When I play with others jamming and as a small group at nursing homes, etc. I just stay in standard G tuning. The people I play with would not have a problem playing in F tuning, but don't really sing in F much.
If you go much lower strings get a bit floppy sometimes. I tune low for singing reasons too. So I'll go down by 1.5 tones max, so down to open e (equivalent to standard gDGBD) and will sometimes tune double c equivalent down at B flat or even A. With double c the 4th string is lower, so in A my 4th string get a bit floppy, but double B flat is fine. I use medium heavy steel strings. And have nylgut red series tuned low on my antique banjos. Playing alone means do whatever you feel like!
Because I'm currently taking some online classes, my banjo is tuned up to "standard" pitch (gDGBD) - its just easier to follow along, but normally, its down to open E (eBEG#B). I like to sing the old tunes. I've only once played with someone else, so it doesn't really matter where its tuned when you're alone.
If you are learning songs off pre-recorded music, e.g.

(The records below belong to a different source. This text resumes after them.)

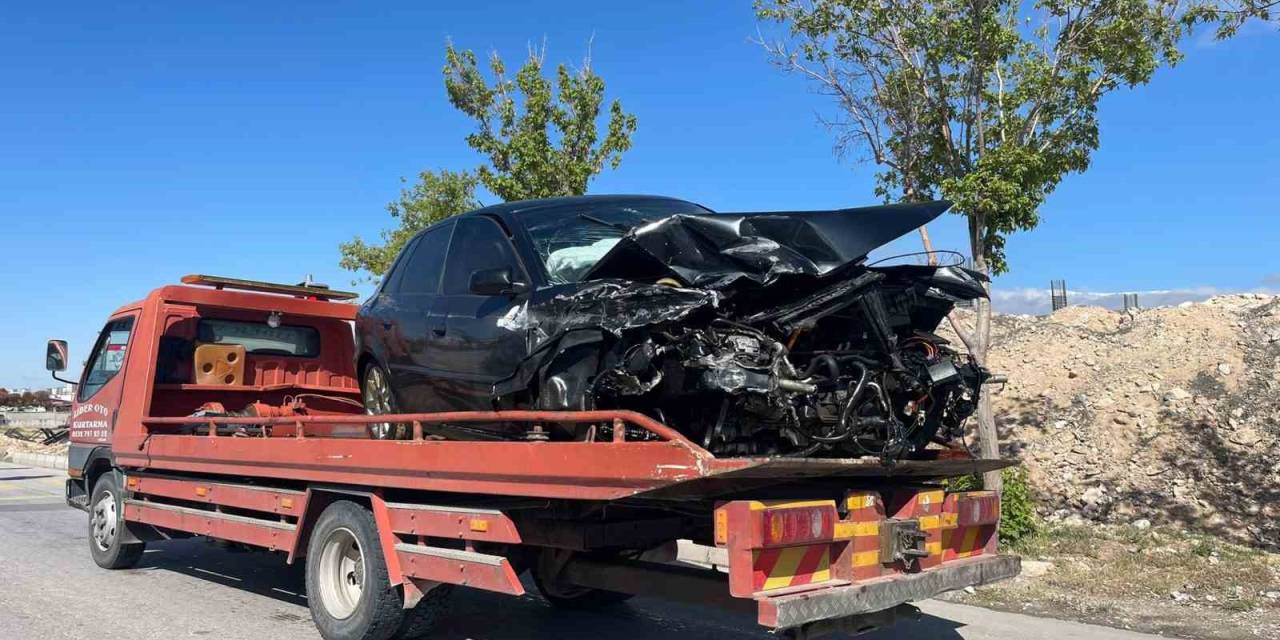 Otoyolda Otomobil Bariyerlere Çarptı: 5 Yaralı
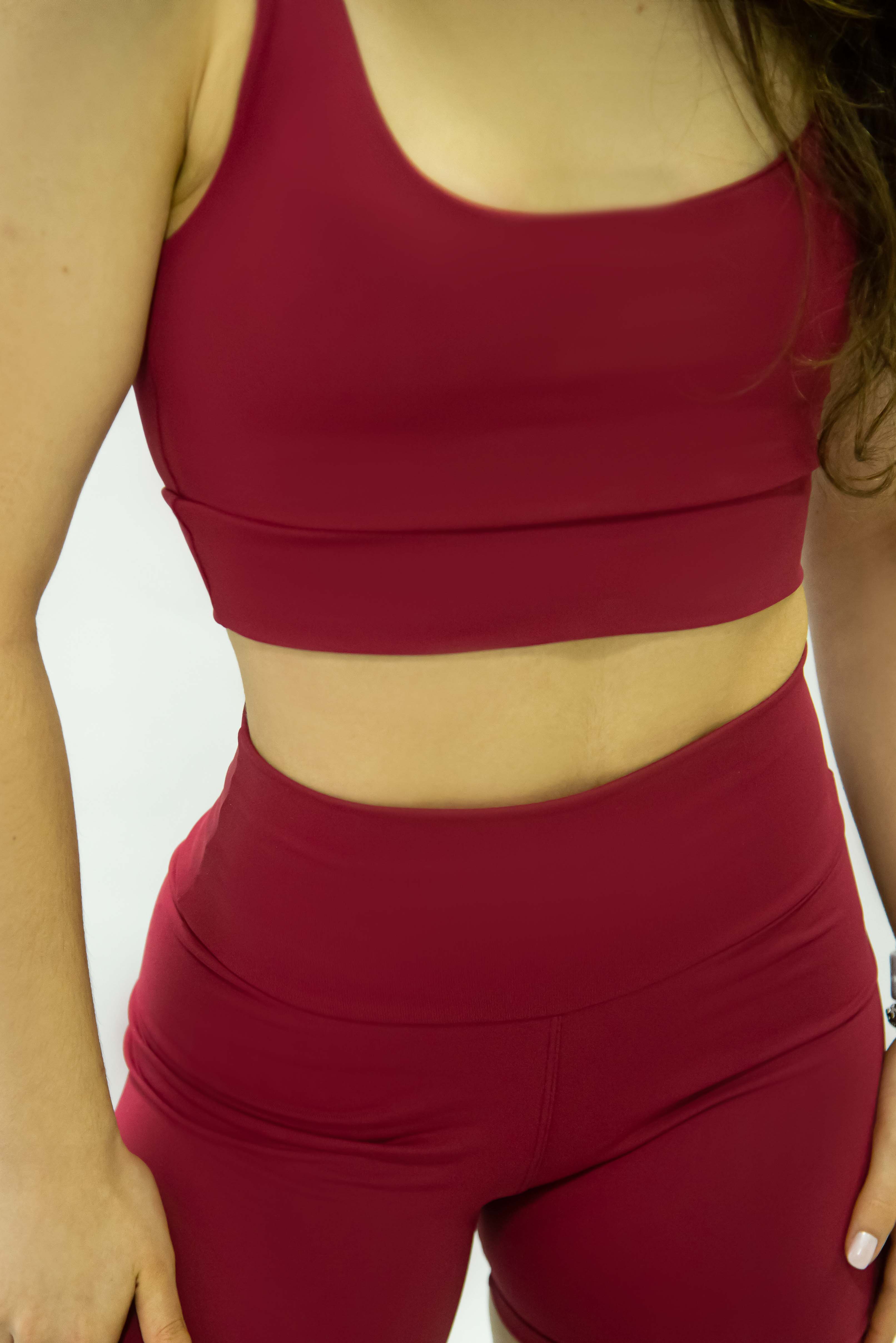 SHORT SKIN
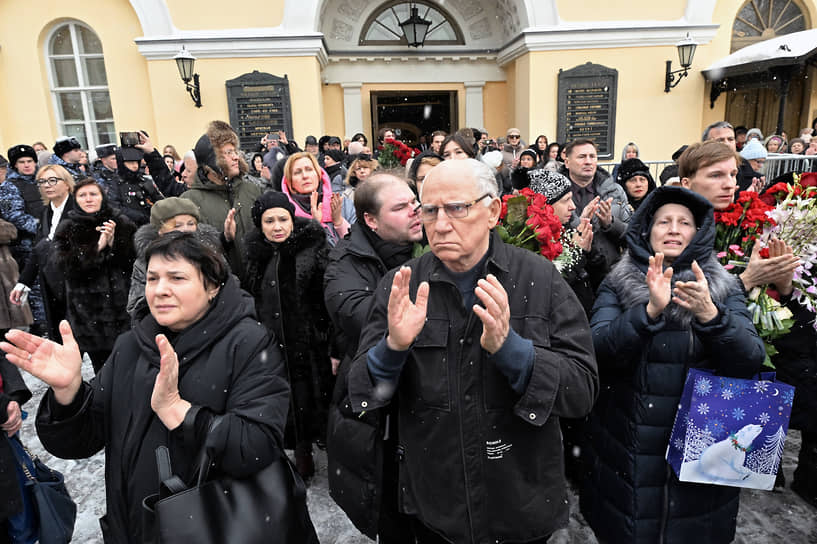 Актер Валерий Баринов (в центре)
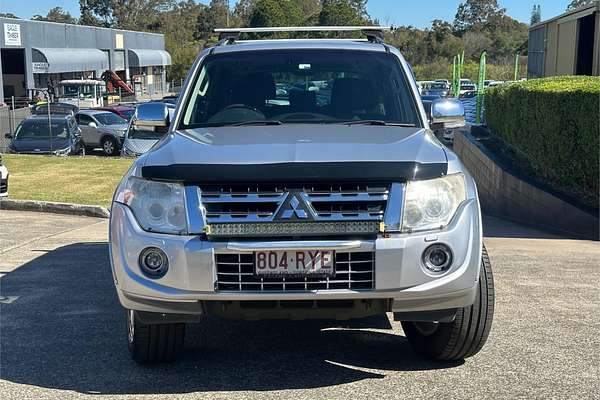 2011 Mitsubishi Pajero Exceed NT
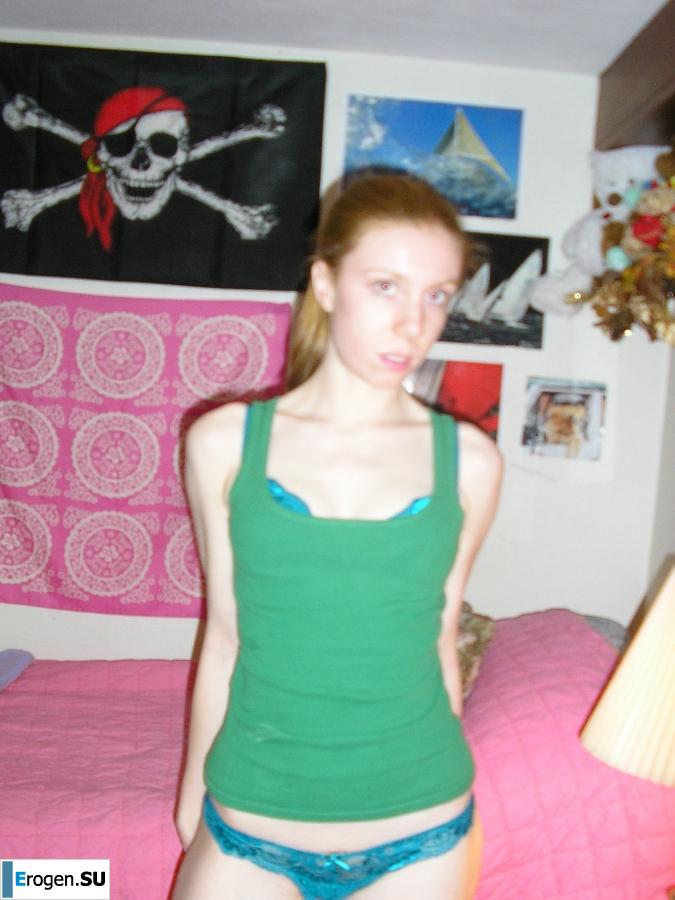 скромняжка разделась перед камерой. Фото 12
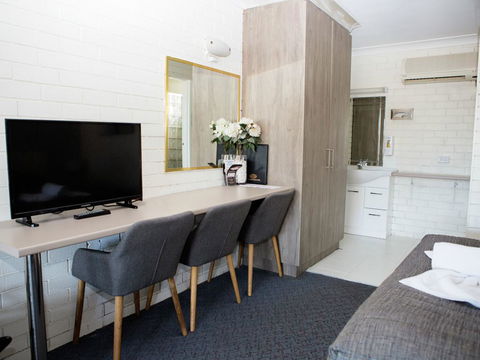 Cameo Inn Motel - Accommodation Asia 2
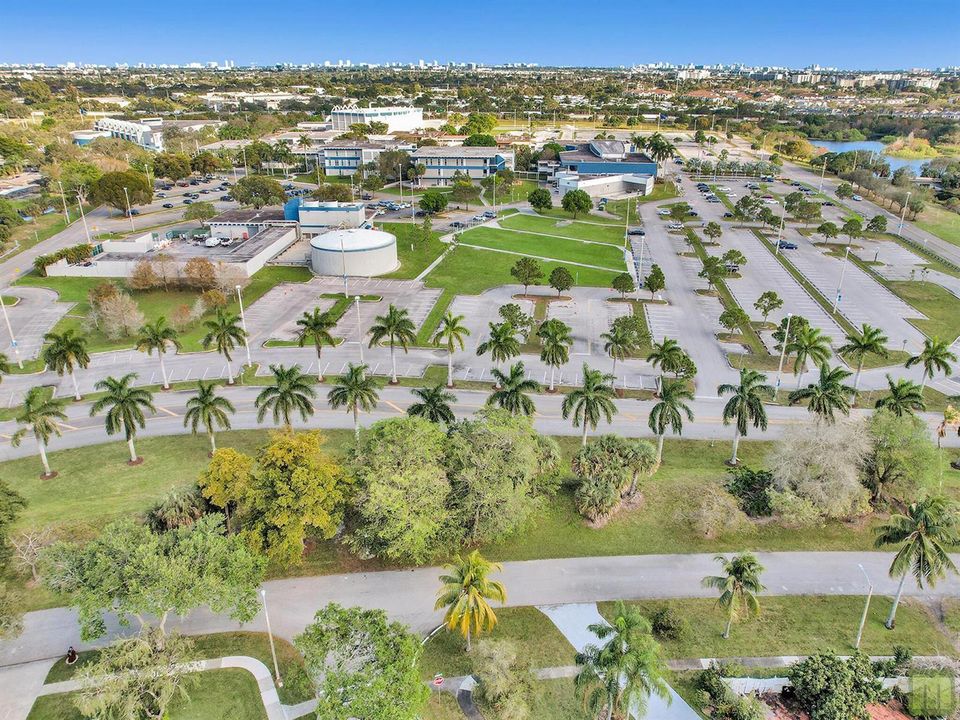 310 Broward College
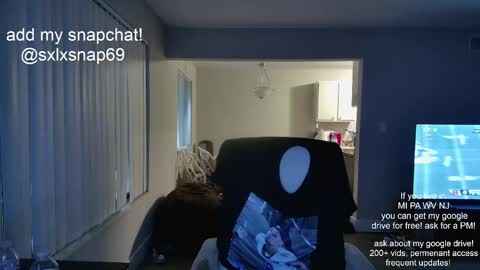 Snapshot of sexylax69 chatting on October 2025 12:36:01 AM sexylax69 online show from October 2025 12:36:01 AM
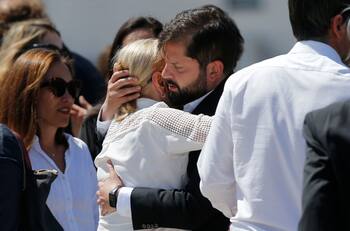 Muerte de Sebastián Piñera: Así fue el emotivo abrazo entre Gabriel Boric y Cecilia Morel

CD's or Youtube, or downloaded BHO tunes, you can adjust the song's key (and thus the tuning you use) with computer programs such as free (donation accepted) Audacity. I used it all the time; I can slow tunes w/o changing the pitch, change pitch w/o changing the speed (tempo) or do both at the same time (which is my usual method for learning).
I keep my kit-built mountain banjo tuned down 5 semitones from standard pitch. This is to keep from bending the neck, which has no adjustable (or in fact any) neck rod. Noah Cline down-tunes some of his gourd banjos 5 semitones, and if he does it, then that's good enuf for me :-) I built the banjo from a kit by Brian Carver - easy build, and banjo sounds very nice.
There are a bunch of good reasons for tuning someplace other than normal. Some instruments just sound better at a lower (or higher) pitch than "normal." Also, when playing with others, playing out of a different tuning, but in the same key, with a capo, can add a lot to the mix.
I have a banjo that I tune three frets low--rather than double C, it is in double A. I buy individual string from Elderly Instruments for it. They are one notch thicker than GHS medium strings. Any thinner strings don't give good tone.